▽
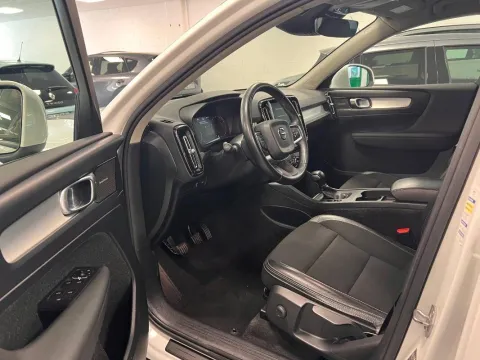 Volvo XC40 1.5 t3 Momentum 156cv - Immagine 16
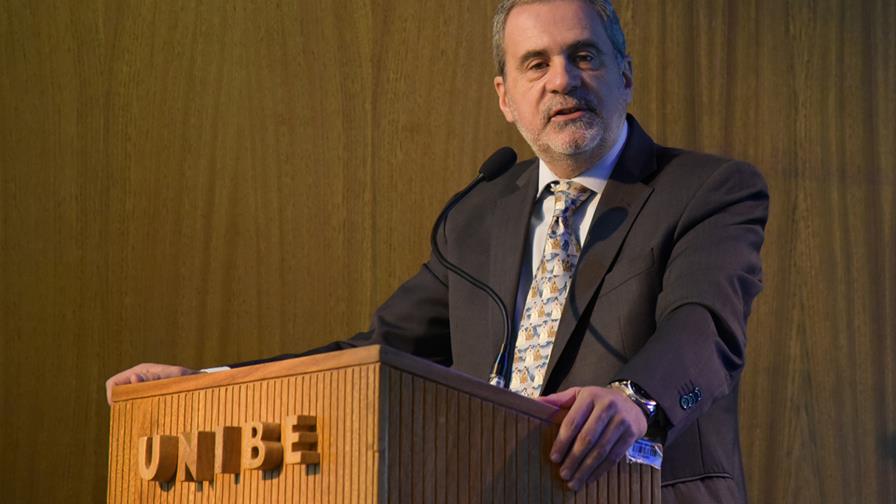 “Limitaciones al partido de gobierno no tienen que ver con el sistema de primarias”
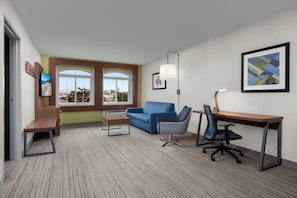 Suite, 1 King Bed (High Floor) | Hypo-allergenic bedding, in-room safe, desk, laptop workspace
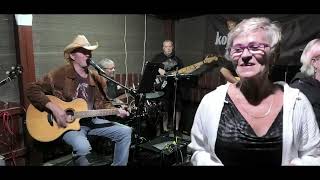 COUNTRYMENI Live (Restaurace na Formance PASTVINY CZ - A shorten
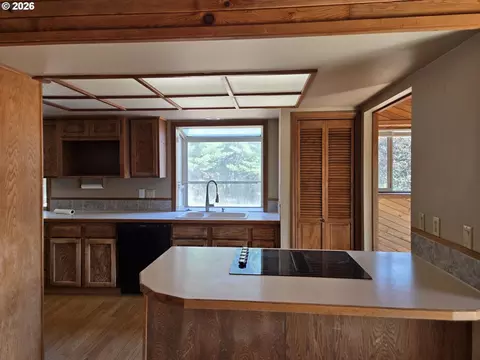 Kitchen - 8377 SE Regner Rd, Gresham, OR 97080 photo 1 of 4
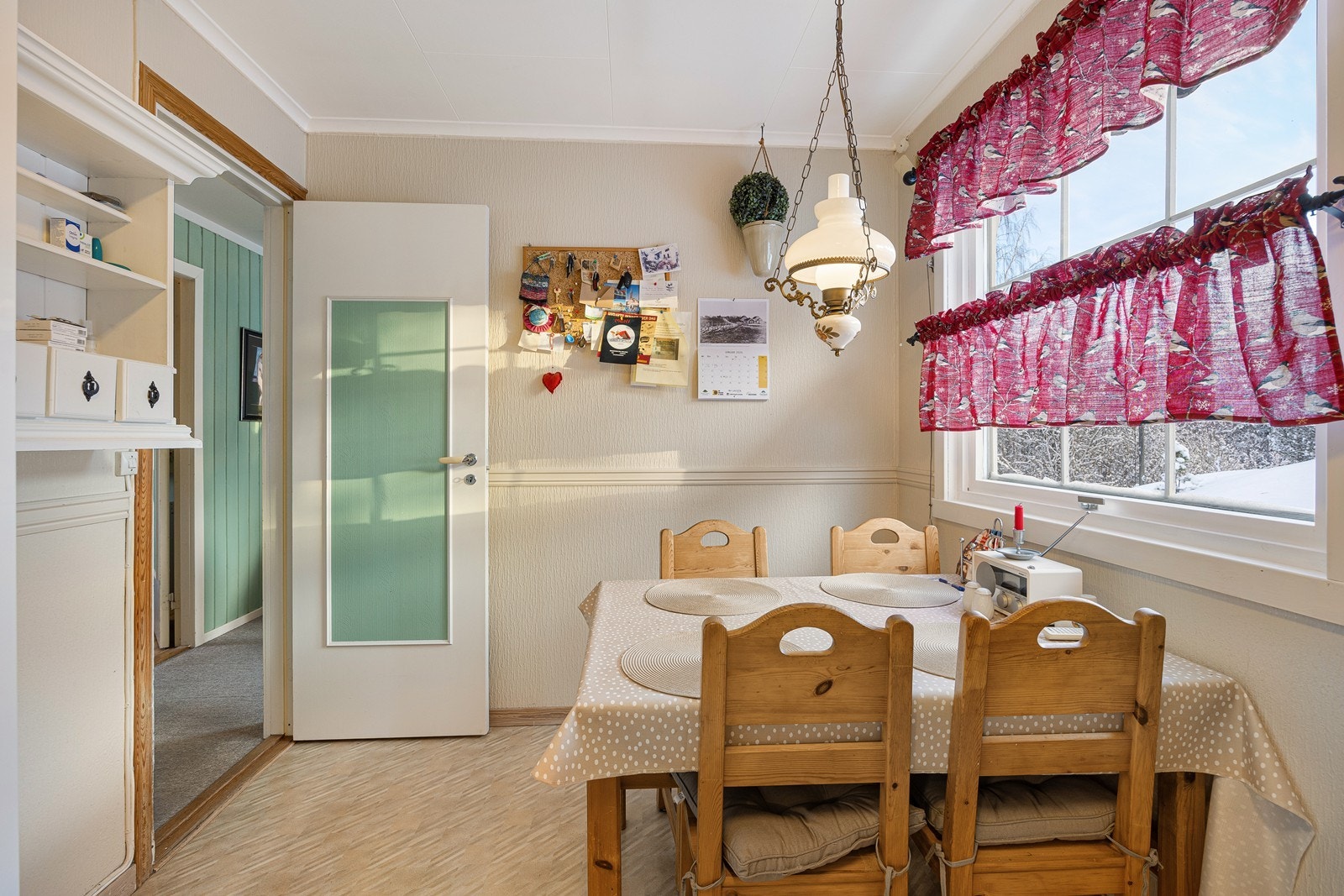 Kjøkkenet har adkomst fra både stuen og gangen. Her er det gulvbelegg, spiseplass og gråmalte vegger. Galleribilde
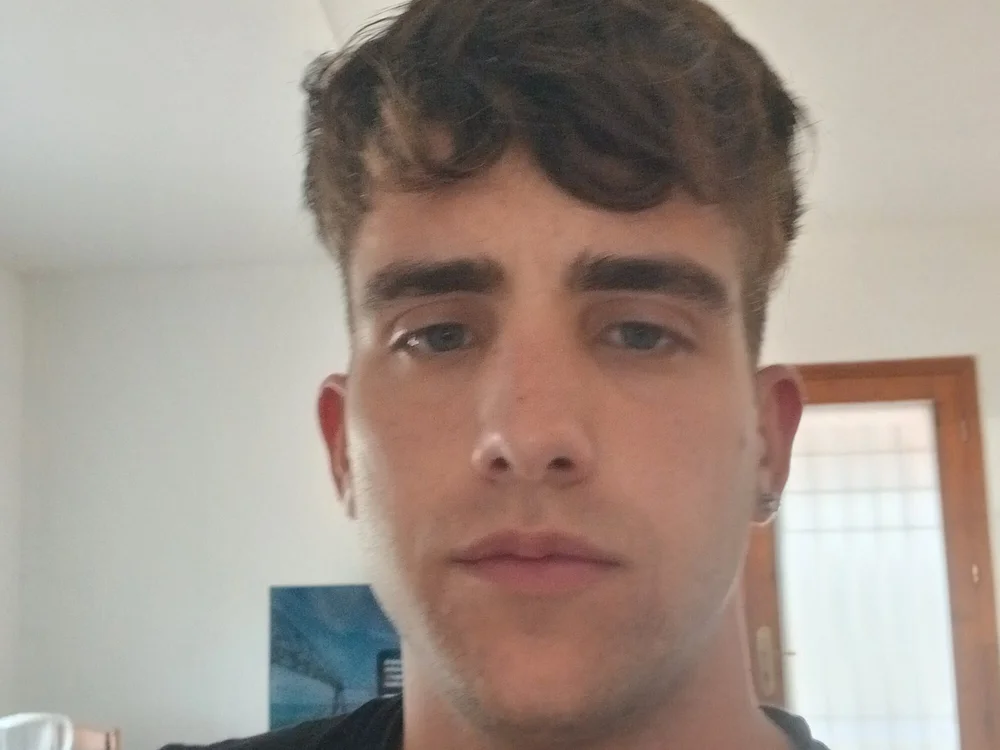 user098b Offline XXX Chat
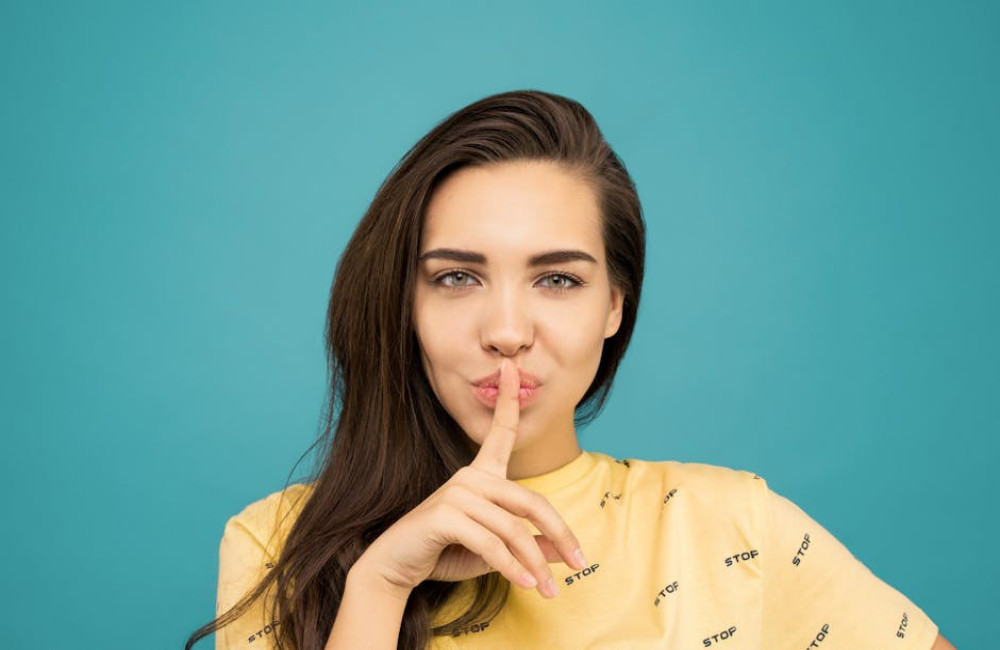 Waarom voelen veel mensen zich ongemakkelijk in stiltes tijdens een gesprek?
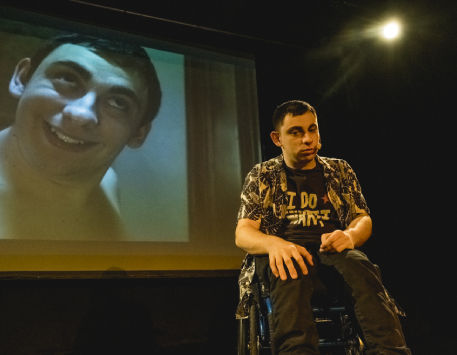 Anar a Marc Buxaderas presenta l'espectacle 'Spasticity'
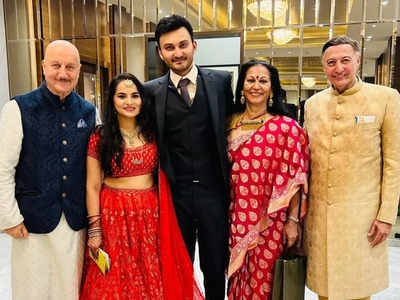 Anupam Kher attends good friend and Khichdi fame Anang Desai’s son’s wedding; shares pictures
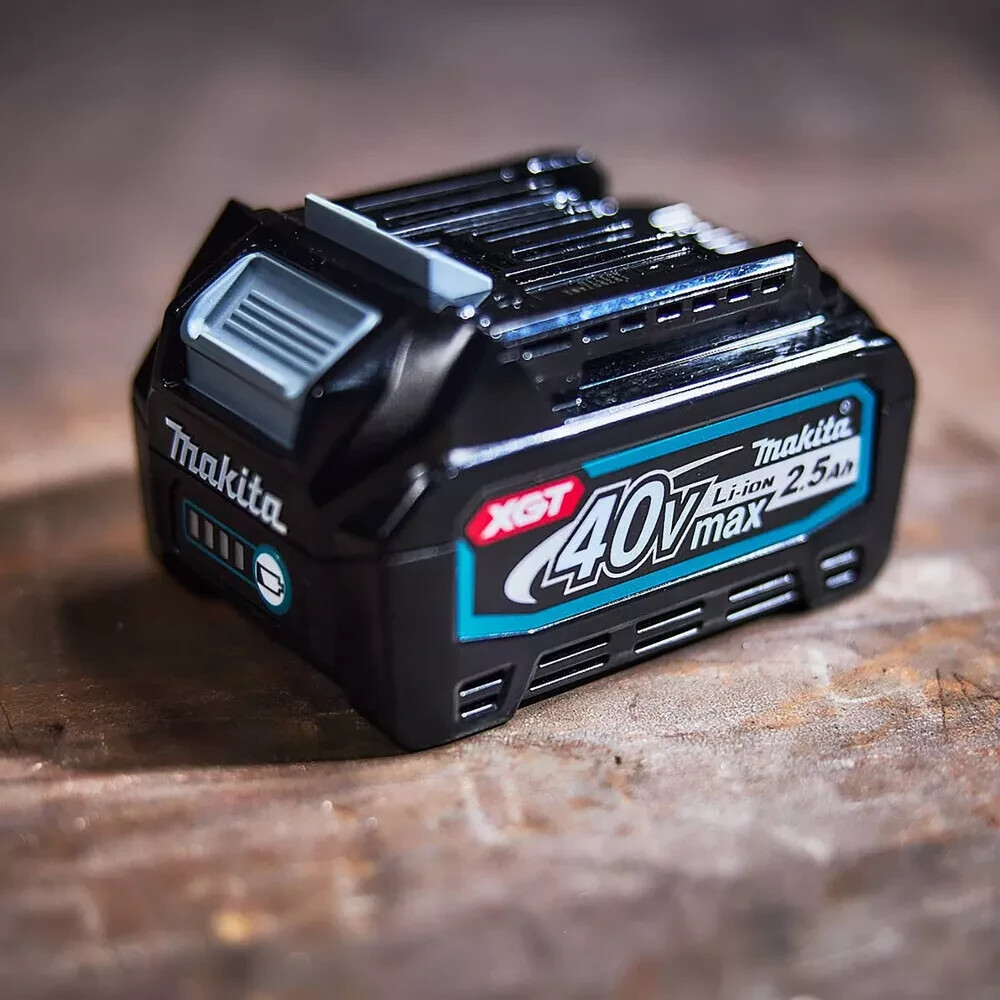 Makita BL4025 40V Max XGT 2.5 Ah Li-Ion Battery New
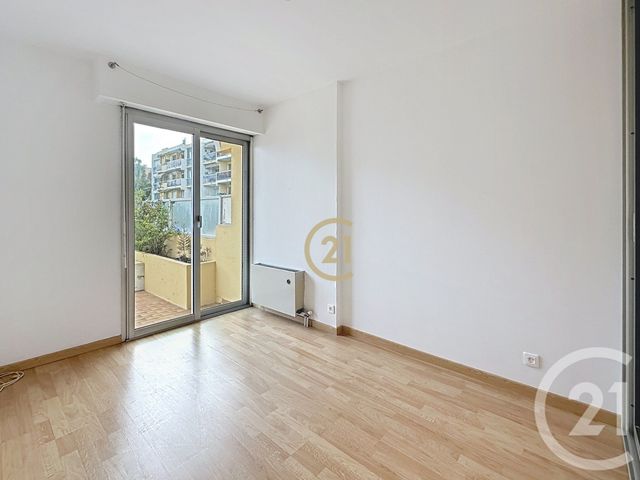 Appartement F2 à louer - 2 pièces - 50.9 m2 - ANTIBES - 06 - PROVENCE-ALPES-COTE-D-AZUR - Century 21 Roi Soleil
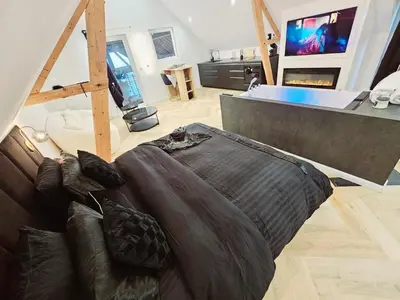 Télévision ou salle de divertissement dans l'établissement Black Romance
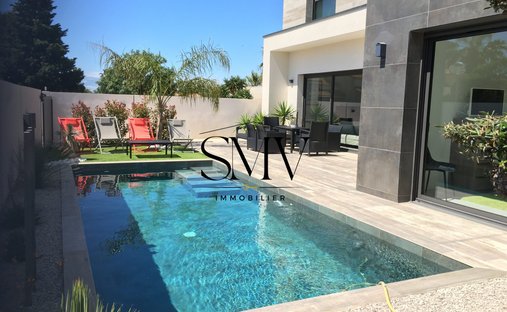 Villa a Cooperativa, Agde, Francia 1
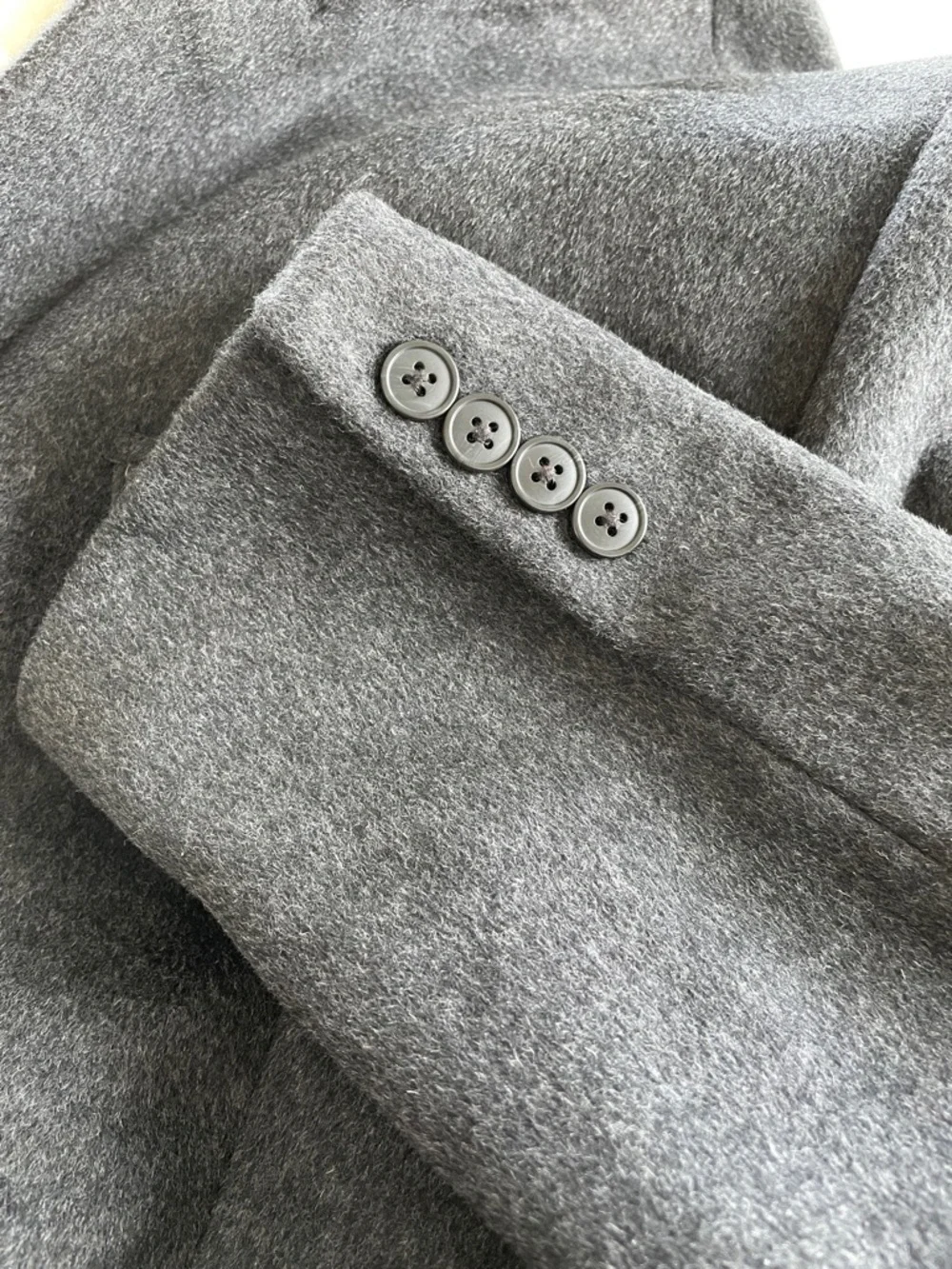 J. Crew Men's Dark Charcoal Gray Wool Blend Topcoat Size 42 NEW $450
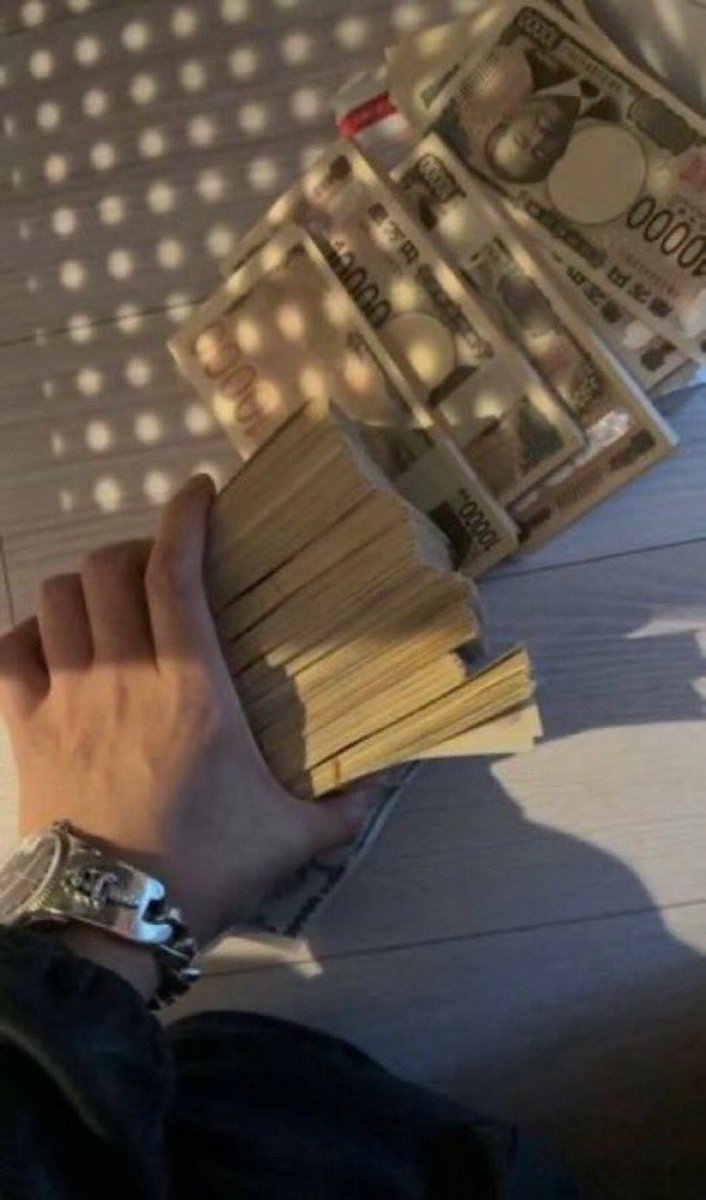 TakayoshiNishi's tweet photo. みんな正直に教えて…！
1ヶ月の生活費、いくらあれば足りる？😭
①10万円
②20万円
③30万円
④100万円
リプ・DMで本音聞かせて🫶🏻
みんなの回答知りたい！ https://t.co/TUQuwpTOyY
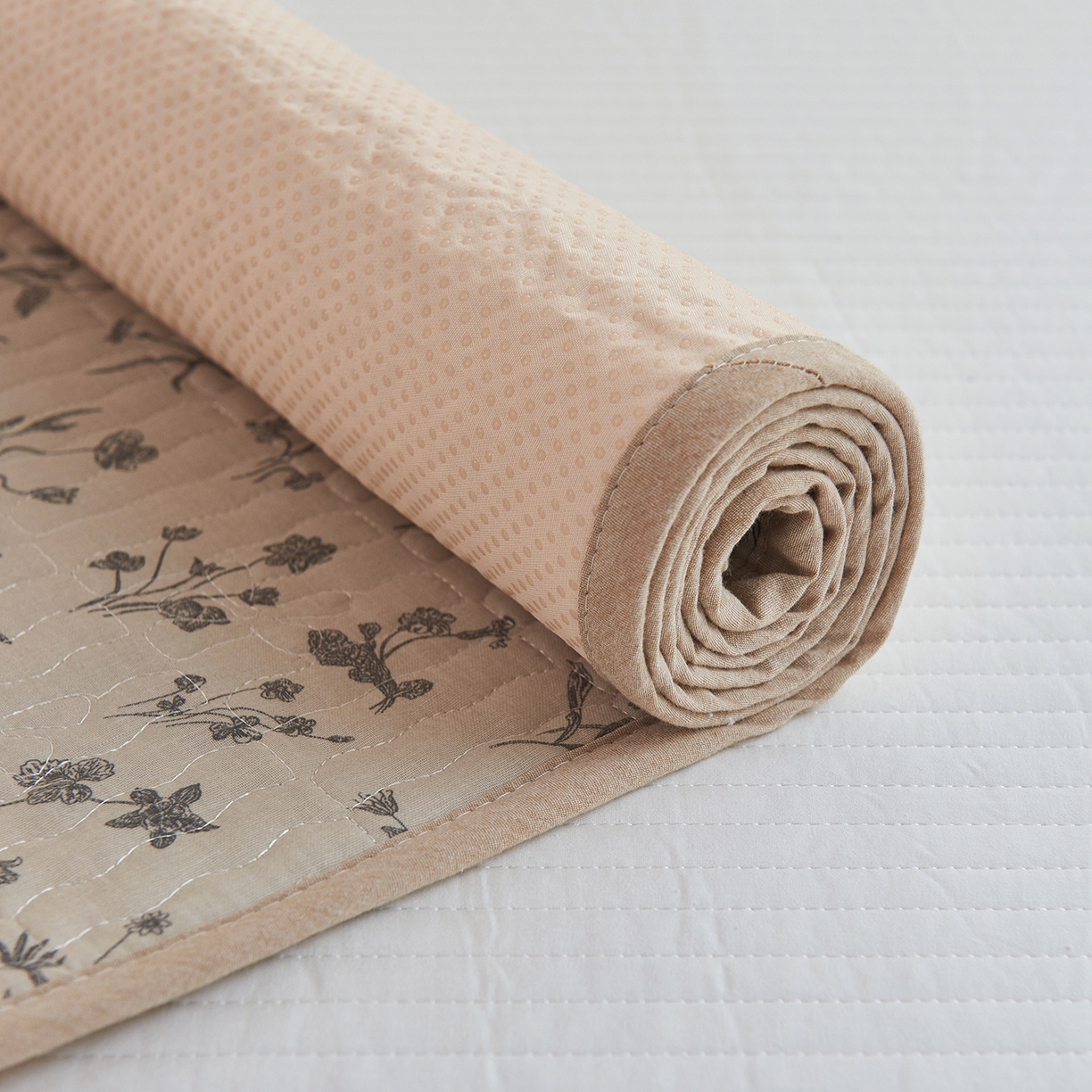 91家纺网 家纺一手货源 找家纺 拾小柒 2025年新款全棉双层纱防水隔脏姨妈垫护理垫隔尿垫 山野小咖（防水款）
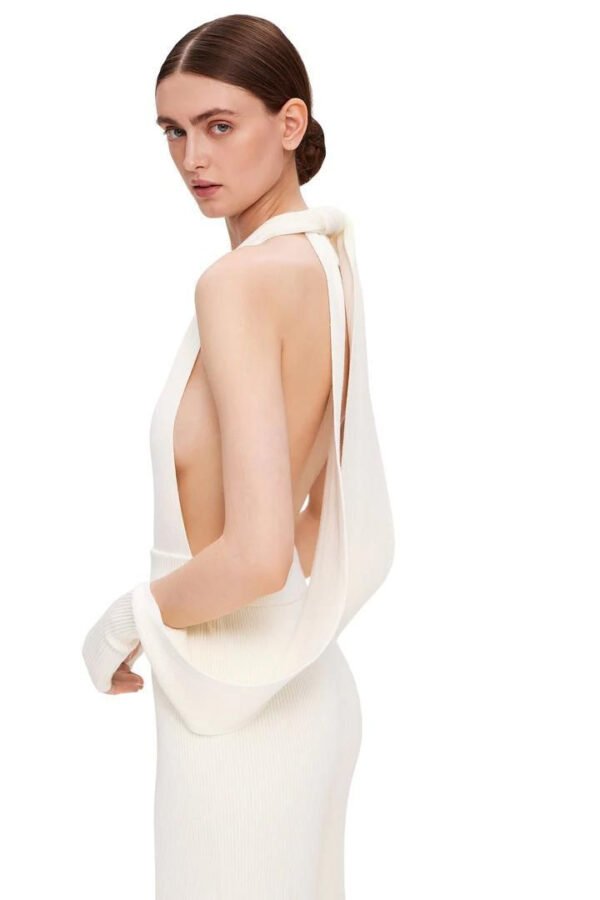 جمبسوت صيفي بدون ظهر بفتحة رقبة على شكل حرف V وظهر مكشوف وفتحة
△
▶ **Exercise directions**
Set the records down again exactly as given, and leave the pictures out.

▶ **Answer for the task**
 Volvo XC40 1.5 t3 Momentum 156cv - Immagine 16
 “Limitaciones al partido de gobierno no tienen que ver con el sistema de primarias”
 Suite, 1 King Bed (High Floor) | Hypo-allergenic bedding, in-room safe, desk, laptop workspace
 COUNTRYMENI Live (Restaurace na Formance PASTVINY CZ - A shorten
 Kitchen - 8377 SE Regner Rd, Gresham, OR 97080 photo 1 of 4
 Kjøkkenet har adkomst fra både stuen og gangen. Her er det gulvbelegg, spiseplass og gråmalte vegger. Galleribilde
 user098b Offline XXX Chat
 Waarom voelen veel mensen zich ongemakkelijk in stiltes tijdens een gesprek?
 Anar a Marc Buxaderas presenta l'espectacle 'Spasticity'
 Anupam Kher attends good friend and Khichdi fame Anang Desai’s son’s wedding; shares pictures
 Makita BL4025 40V Max XGT 2.5 Ah Li-Ion Battery New
 Appartement F2 à louer - 2 pièces - 50.9 m2 - ANTIBES - 06 - PROVENCE-ALPES-COTE-D-AZUR - Century 21 Roi Soleil
 Télévision ou salle de divertissement dans l'établissement Black Romance
 Villa a Cooperativa, Agde, Francia 1
 J. Crew Men's Dark Charcoal Gray Wool Blend Topcoat Size 42 NEW $450
 TakayoshiNishi's tweet photo. みんな正直に教えて…！
1ヶ月の生活費、いくらあれば足りる？😭
①10万円
②20万円
③30万円
④100万円
リプ・DMで本音聞かせて🫶🏻
みんなの回答知りたい！ https://t.co/TUQuwpTOyY
 91家纺网 家纺一手货源 找家纺 拾小柒 2025年新款全棉双层纱防水隔脏姨妈垫护理垫隔尿垫 山野小咖（防水款）
 جمبسوت صيفي بدون ظهر بفتحة رقبة على شكل حرف V وظهر مكشوف وفتحة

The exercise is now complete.